Nuestros atacantes se basaban mucho en la fuerza bruta, no contaban con la formación que nosotros teníamos en técnicas de ataque y defensa. Además, eran humanos, y nosotros teníamos nuestra fuerza de dhampir. Por desgracia, también contábamos con la desventaja de encontrarnos acorralados contra la pared. No teníamos retirada y, lo más importante, sí teníamos algo que perder.

Como a Mia.

Al parecer, el tío que estaba peleando con Mason se percató de ello. Se apartó de Mason y, en su lugar, atrapó a Mia. Yo apenas pude ver el brillo de su arma antes de que el cañón de la misma se hallase presionándole el cuello. Me retiré de mi propio adversario y grité a Eddie para que se detuviese. A todos nos habían entrenado para responder de forma instantánea a ese tipo de órdenes, así que frenó su ataque y se quedó mirándome de forma inquisitiva. Cuando vio a Mia, su expresión palideció.

Yo no quería otra cosa que no fuese darle una paliza a aquellos hombres —quienesquiera que fuesen—, pero no podía arriesgarme a que aquel tipo hiriese a Mia. Él también lo sabía. Ni siquiera tuvo que formular la amenaza. Era humano, pero sabía lo bastante sobre nosotros como para ser consciente de que lo daríamos todo para proteger a los moroi. Los novicios llevan un dicho grabado a fuego en su interior desde una edad muy temprana: «Sólo ellos importan».

Todo el mundo se detuvo y nos miró a él y a mí de forma alternativa. Al parecer, nosotros éramos allí los líderes reconocidos.
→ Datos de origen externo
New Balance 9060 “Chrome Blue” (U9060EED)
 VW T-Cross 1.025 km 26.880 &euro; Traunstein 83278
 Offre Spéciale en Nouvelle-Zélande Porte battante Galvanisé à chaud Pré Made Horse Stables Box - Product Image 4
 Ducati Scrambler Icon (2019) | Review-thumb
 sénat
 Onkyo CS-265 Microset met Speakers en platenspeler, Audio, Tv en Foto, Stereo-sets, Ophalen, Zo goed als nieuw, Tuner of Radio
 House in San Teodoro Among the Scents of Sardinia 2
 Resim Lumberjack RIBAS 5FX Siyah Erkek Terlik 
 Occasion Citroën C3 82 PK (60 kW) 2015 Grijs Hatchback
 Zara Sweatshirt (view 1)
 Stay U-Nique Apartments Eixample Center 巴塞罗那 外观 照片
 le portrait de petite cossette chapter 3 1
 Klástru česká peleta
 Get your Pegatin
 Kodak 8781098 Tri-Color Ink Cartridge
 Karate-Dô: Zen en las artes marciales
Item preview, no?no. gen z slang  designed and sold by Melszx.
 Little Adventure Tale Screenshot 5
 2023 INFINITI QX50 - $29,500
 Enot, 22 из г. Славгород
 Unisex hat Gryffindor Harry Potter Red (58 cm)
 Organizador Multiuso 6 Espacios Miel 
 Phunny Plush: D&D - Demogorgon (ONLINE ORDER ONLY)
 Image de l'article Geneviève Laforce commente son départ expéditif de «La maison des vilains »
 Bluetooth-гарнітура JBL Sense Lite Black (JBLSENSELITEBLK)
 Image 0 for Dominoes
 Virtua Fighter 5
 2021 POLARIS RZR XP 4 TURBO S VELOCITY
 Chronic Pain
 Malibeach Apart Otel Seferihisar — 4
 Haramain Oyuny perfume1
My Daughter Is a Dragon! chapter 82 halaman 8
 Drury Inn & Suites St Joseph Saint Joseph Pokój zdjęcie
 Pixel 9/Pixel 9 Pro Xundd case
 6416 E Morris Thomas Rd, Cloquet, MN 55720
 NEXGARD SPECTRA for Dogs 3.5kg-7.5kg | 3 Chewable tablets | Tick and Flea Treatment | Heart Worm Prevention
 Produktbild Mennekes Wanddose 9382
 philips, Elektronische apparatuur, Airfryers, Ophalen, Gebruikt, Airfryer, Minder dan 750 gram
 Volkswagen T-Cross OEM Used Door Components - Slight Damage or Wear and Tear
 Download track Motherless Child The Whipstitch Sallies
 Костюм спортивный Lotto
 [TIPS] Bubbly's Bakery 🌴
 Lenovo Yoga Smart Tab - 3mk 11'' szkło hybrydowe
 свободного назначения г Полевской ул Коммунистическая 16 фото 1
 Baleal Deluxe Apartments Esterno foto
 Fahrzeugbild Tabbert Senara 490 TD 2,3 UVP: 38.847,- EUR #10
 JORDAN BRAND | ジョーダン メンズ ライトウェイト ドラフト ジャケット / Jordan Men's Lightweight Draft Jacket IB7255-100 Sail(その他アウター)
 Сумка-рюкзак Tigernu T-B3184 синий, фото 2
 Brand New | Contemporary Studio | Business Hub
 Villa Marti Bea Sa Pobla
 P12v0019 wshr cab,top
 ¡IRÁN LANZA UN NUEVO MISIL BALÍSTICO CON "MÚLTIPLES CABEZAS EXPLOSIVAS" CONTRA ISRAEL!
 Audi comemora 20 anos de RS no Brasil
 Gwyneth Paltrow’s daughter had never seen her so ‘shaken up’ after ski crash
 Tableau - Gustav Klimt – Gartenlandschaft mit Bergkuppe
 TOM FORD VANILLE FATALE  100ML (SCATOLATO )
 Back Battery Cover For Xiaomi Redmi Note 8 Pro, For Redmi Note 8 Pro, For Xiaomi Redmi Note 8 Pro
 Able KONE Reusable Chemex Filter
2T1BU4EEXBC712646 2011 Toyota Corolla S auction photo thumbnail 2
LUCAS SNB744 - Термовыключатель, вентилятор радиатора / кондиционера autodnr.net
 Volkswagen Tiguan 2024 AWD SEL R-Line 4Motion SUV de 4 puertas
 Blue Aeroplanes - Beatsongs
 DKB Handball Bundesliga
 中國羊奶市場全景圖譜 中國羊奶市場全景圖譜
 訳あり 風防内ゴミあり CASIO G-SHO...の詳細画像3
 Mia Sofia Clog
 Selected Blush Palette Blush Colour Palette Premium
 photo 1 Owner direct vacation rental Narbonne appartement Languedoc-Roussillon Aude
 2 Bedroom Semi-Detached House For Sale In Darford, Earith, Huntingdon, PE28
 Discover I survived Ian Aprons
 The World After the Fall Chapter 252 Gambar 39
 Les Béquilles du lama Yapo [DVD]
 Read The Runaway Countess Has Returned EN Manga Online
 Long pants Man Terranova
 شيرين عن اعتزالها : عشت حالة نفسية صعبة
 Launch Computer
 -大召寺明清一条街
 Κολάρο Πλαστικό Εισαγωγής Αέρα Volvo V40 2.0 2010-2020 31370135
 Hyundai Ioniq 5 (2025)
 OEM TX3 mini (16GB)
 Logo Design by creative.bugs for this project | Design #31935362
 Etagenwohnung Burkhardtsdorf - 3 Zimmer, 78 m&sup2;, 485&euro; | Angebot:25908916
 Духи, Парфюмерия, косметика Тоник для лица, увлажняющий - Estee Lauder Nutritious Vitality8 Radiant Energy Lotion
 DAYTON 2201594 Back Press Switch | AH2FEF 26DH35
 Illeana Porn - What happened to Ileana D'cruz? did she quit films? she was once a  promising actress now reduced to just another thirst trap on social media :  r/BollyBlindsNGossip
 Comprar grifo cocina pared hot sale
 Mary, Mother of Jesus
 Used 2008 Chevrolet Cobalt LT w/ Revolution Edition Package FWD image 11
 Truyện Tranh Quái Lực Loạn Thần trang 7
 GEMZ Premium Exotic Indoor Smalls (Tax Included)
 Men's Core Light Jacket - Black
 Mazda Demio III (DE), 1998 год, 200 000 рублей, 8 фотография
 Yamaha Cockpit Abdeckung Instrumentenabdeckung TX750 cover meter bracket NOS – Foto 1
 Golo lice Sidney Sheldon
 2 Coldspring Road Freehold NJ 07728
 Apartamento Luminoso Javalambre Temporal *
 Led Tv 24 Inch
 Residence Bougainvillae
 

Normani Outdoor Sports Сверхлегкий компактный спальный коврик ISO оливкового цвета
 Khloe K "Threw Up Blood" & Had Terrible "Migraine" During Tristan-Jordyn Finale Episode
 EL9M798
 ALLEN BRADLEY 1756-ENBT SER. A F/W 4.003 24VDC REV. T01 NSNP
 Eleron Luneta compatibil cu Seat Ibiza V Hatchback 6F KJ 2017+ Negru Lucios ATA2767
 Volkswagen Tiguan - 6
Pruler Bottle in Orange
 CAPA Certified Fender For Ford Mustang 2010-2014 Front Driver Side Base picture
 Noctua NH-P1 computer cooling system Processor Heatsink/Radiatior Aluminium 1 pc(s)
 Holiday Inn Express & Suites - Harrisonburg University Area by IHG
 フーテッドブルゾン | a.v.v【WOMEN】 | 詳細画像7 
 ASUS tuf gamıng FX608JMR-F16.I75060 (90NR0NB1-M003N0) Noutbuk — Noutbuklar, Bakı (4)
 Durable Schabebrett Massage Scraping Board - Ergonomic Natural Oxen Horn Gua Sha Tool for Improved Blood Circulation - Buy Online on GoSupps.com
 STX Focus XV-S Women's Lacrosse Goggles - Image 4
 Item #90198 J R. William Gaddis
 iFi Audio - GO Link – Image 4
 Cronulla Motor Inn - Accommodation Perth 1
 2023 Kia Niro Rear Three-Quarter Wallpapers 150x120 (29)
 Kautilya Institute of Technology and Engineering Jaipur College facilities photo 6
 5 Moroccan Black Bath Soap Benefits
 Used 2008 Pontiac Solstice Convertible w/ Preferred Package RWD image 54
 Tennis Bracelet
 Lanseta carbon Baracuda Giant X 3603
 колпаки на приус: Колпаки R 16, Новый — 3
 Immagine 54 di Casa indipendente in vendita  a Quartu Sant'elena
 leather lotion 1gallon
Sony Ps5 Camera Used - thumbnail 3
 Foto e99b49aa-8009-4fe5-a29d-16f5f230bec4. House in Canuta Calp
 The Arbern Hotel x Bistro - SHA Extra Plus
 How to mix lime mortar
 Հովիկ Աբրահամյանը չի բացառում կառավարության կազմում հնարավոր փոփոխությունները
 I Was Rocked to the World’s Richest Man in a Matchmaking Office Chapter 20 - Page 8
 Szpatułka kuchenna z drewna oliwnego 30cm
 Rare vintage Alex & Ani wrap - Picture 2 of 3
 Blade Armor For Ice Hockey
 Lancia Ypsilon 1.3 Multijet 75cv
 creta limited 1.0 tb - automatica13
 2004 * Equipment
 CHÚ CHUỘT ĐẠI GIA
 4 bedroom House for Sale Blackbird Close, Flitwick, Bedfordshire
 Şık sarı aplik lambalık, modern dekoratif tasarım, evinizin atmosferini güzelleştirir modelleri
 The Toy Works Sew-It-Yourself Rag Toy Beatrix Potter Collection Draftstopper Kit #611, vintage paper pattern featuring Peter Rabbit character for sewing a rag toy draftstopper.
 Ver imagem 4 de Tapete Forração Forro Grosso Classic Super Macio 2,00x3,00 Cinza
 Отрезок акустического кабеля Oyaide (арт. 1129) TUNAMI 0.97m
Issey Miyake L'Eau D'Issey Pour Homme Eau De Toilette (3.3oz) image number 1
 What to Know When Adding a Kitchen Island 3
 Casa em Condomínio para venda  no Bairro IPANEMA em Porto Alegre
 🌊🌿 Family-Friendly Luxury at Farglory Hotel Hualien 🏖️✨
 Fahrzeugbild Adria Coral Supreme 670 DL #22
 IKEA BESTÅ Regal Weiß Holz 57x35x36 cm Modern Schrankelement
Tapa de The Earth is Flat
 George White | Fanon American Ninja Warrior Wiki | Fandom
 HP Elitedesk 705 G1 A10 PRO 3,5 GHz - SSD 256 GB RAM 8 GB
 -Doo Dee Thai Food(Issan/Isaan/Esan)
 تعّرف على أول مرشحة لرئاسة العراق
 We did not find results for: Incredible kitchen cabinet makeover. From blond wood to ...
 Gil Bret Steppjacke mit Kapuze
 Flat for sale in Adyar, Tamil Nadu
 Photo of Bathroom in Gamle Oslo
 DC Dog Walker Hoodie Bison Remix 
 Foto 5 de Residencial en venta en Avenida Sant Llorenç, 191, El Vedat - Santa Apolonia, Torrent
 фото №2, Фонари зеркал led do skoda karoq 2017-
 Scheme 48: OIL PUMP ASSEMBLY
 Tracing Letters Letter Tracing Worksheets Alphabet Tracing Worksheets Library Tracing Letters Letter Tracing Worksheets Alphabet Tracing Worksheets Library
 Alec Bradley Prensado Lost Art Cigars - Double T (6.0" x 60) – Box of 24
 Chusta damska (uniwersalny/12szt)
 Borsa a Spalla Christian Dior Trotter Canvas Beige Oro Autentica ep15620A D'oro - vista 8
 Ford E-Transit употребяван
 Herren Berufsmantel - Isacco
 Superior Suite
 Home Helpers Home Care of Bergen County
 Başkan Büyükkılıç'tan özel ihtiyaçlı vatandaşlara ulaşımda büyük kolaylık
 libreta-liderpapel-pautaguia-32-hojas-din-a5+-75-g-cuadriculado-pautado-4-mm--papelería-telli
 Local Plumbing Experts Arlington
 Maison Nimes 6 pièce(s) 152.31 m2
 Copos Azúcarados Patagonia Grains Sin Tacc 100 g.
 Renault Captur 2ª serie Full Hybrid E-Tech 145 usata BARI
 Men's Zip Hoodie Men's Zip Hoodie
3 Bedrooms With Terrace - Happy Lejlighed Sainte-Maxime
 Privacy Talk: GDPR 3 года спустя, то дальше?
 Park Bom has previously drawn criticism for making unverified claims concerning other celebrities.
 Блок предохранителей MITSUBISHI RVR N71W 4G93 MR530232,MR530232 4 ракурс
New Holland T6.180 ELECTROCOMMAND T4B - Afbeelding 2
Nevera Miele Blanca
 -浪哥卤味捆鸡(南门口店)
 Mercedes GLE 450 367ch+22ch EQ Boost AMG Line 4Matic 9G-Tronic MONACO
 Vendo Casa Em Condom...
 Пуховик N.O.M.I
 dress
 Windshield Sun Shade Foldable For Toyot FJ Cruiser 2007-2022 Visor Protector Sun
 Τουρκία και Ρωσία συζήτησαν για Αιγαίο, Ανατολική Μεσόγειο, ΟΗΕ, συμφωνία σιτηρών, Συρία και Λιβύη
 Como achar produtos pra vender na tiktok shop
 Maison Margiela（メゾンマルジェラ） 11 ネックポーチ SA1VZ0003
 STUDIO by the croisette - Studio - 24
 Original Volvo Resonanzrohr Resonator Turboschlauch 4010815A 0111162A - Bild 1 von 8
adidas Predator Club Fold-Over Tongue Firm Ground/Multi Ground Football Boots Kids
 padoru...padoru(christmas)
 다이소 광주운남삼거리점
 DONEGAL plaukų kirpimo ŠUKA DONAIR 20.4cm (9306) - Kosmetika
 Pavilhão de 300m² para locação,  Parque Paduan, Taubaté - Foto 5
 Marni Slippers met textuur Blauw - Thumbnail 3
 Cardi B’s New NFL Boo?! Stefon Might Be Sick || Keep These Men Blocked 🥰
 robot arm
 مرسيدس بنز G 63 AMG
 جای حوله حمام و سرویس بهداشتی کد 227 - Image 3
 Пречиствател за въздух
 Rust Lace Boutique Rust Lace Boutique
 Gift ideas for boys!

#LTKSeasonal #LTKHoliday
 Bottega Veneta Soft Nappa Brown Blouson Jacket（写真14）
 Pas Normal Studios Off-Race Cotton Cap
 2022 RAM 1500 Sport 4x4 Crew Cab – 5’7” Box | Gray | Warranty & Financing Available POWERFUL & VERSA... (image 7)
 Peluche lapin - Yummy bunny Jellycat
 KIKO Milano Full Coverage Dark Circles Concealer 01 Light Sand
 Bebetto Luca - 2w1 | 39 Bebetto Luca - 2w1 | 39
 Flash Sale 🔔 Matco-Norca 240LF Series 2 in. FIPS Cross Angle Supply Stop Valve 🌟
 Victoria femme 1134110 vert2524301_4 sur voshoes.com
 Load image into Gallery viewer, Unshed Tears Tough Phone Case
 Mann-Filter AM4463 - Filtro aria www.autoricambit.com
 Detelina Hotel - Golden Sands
—¿Qué queréis? —le pregunté con aspereza.

El tipo presionó más el arma contra el cuello de Mia, y ella gimoteó. A pesar de todas sus charlas sobre entrar en combate, era más pequeña que yo y ni mucho menos tan fuerte. Y estaba demasiado aterrada como para mover un dedo.

El hombre inclinó la cabeza en dirección a la puerta abierta de la camioneta.

—Quiero que os metáis dentro. Y que no intentéis nada. Hacedlo y despediros de ella.

Miré a Mia, a la camioneta, al resto de mis amigos y de vuelta al tipo aquel. Mierda.